The Suez Canal, meanwhile, has an annual throughput of 17,000 ships. The volume of shipping sent through the Arctic is expected to grow sharply. Russia is investing tens of billions of dollars in the constructions of new Arctic ports in the hope that the region will emerge as a serious challenger to the Suez Canal.
“There are a lot of opportunities for companies making icebreakers and specialist vessels for shipment in the Arctic. Shipping companies like MAERSK will also be well placed to benefit from the opening of the NSR and the other sea routes,” says Olena Borodyna, Research Officer in the Global Risks and Resilience team at the Overseas Development Institute, a research and policy thinktank based in London.
“In terms of shipping routes, China has been using the Northern Sea Route for cargo shipments already, so that’s definitely going to intensify,” Borodyna notes. “Consumers will benefit, too, as the new shipping routes shorten the transit time between northern Europe and East Asia which will be reflected in consumer prices.”

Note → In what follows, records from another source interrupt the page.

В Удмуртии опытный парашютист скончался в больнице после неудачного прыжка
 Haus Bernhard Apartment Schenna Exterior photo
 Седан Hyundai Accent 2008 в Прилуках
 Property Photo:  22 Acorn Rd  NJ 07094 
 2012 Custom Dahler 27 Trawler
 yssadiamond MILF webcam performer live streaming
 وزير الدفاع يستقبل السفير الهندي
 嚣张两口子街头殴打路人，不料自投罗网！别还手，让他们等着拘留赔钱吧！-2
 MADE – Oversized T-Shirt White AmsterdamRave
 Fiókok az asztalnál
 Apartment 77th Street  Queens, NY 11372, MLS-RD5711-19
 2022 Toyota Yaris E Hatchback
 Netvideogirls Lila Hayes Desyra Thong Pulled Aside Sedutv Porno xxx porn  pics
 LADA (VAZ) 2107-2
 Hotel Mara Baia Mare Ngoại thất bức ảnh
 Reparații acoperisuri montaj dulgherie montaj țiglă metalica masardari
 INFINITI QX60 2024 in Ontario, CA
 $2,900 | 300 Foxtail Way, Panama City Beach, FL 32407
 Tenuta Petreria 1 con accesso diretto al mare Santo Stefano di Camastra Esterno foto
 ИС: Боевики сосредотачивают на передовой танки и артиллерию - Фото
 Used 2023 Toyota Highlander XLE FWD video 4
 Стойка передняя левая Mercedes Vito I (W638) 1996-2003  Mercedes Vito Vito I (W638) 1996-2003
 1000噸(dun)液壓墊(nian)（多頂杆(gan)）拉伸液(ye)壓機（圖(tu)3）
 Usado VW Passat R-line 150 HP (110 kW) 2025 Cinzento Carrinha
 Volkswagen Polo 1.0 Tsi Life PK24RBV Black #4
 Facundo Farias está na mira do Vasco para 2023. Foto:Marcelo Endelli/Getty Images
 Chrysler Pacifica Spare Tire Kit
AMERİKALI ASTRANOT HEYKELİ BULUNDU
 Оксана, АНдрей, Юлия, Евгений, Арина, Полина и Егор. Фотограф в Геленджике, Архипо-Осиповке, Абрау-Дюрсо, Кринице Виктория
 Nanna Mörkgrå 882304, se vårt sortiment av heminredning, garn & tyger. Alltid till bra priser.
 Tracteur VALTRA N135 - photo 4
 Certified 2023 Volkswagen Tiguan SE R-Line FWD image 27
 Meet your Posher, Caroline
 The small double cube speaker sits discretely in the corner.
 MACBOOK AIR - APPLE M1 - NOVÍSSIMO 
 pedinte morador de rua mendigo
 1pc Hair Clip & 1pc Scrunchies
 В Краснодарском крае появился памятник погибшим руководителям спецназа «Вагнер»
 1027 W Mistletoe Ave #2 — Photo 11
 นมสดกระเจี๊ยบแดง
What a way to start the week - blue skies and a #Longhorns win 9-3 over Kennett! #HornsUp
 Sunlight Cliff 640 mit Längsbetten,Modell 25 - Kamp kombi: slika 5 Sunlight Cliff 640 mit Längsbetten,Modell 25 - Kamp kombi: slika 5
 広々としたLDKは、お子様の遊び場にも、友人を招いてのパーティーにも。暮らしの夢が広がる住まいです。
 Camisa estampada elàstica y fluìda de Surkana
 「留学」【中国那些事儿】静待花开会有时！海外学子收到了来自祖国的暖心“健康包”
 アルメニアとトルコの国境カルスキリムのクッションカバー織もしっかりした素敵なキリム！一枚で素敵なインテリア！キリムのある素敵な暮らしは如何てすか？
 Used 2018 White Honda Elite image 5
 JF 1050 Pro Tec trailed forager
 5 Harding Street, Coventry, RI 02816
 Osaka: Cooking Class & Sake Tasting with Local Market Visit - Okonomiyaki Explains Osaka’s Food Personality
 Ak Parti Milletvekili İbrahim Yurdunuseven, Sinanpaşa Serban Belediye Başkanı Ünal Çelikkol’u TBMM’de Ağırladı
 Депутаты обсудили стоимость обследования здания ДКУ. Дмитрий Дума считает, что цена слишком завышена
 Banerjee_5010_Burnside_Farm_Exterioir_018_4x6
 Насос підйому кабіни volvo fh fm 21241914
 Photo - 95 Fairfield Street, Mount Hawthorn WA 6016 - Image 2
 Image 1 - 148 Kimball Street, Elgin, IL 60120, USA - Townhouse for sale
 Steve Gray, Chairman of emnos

China is investing heavily in the increasingly ice-free Northern Sea Route, which promises to cut shipping times between the Far East and Europe by ten to 15 days. “As China produces more cars needing to be exported to Europe or requires more European luxury cars to be shipped back, the Arctic route might come into greater use,” says Humpert. “Figures indicate you could save about $500 per vehicle on a mid-sized compact car in terms of shipping costs.”
But there are challenges to shipping along these new routes. Even during the summer, unpredictable weather and ice floes make navigation difficult. Ships often require an icebreaker escort, which can cost $400,000 plus additional insurance that offset potential savings. Finally, while the NSR may provide a viable alternative for shipping bulk cargo such as oil, coal and ore, it may be of less value for container shipping, which operates on a tighter delivery schedule. Many analysts believe it will take at least ten years of further warming before large volume shipping through the Arctic is practical.
Underneath the Arctic Circle lie massive oil and natural gas formations. The United States Geological Survey estimates that the region contains approximately 13% of the world’s undiscovered oil resources and 30% of undiscovered natural gas resources. Melting ice provides greater access to these mineral deposits laying under the sea and the frozen lands bordering the Arctic. So far, most exploration has occurred on land, which accounts for a third of the Arctic’s area.
“From the US side, it’s quite unpredictable,” says Borodyna. “Under the Biden administration, the Arctic Wildlife Refuge in Alaska will not be explored for gas and oil for the next four years, but what will happen afterwards is unclear. China, Russia and other countries involved in natural gas extraction will continue building their projects and exploring for gas and oil.”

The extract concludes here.